Whenever I write a cover letter for a friend or a client, I mentally step back and imagine that I am the hiring manager. It's not always easy to do that for your own cover letters - your emotions tend to cloud the process. Staying objective will help you land an interview for the job that's right for you.
Here are four ways to stay objective and improve your next cover letter:
1. Make Sure It Speaks to the Requirements
Tie your qualifications directly to each of the job's requirements. Even though your qualifications are listed in your resume - talk about them in a summarized fashion and bring them to life as you would in a conversation. Use the requirements as a checklist.
2. Picture Yourself in the Job
Can you see yourself working in this position? Is it a good fit for you? These are questions that you should constantly be asking yourself throughout your job search. It forces you to learn as much as you can about the job and avoid going into an interview passively. If your answer to both of these questions is "yes," your confidence will come through in your cover letter.
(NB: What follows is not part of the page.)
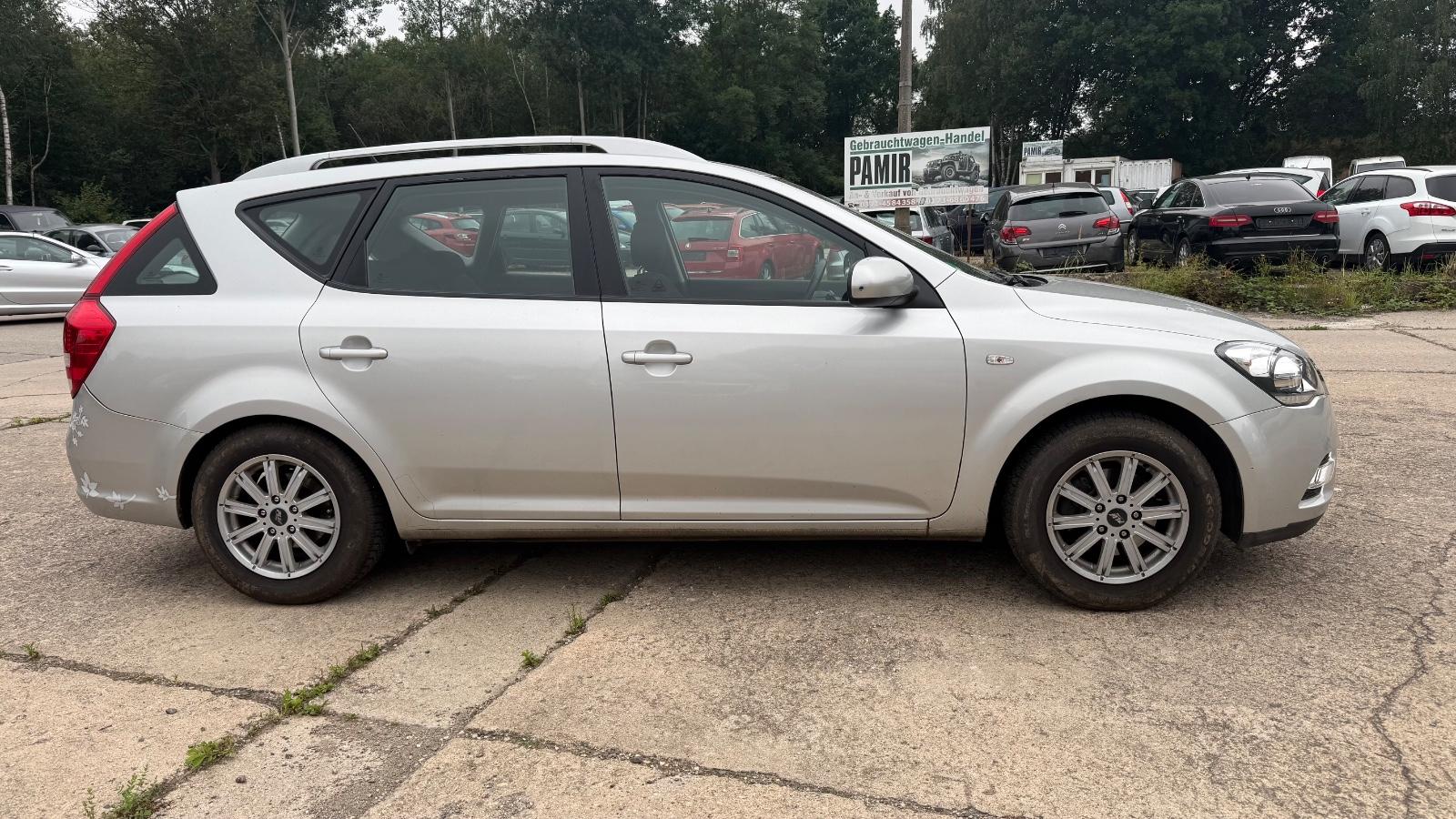 Kia cee'd 2011 — engine 1.396 cm³, 109 HP (80kW)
If you can't picture yourself in this job, that will show, too.
3. Keep It as Short as Possible
A two-sentence cover letter will not convince a hiring manager, but a two-pager will surely put them to sleep. Aim for a one-page (or shorter) letter. According to Washington Post Career Coach Karen Chopra, four quick paragraphs should be enough to explain:
- How you found the job
- How you meet the requirements
- How you are a good fit for the organization
- A closing paragraph with a thank you, your contact information and a mention that you'll be following up
4. Find an Editor
Always run your resume and cover letter past an objective third party. It can be anyone that you trust. Be sure to show them the job advertisement first, so that they understand the position. An objective editor will help you find copyedits and awkward language, but - more importantly - they will also most closely resemble the hiring manager with the added advantage of knowing you. If you want to take it a step further, a hired career counselor will help you pinpoint your strengths and offer valuable feedback.
A cover letter is much like a conversation, introduce yourself and then persuade the reader using their requirements to call you up for an interview.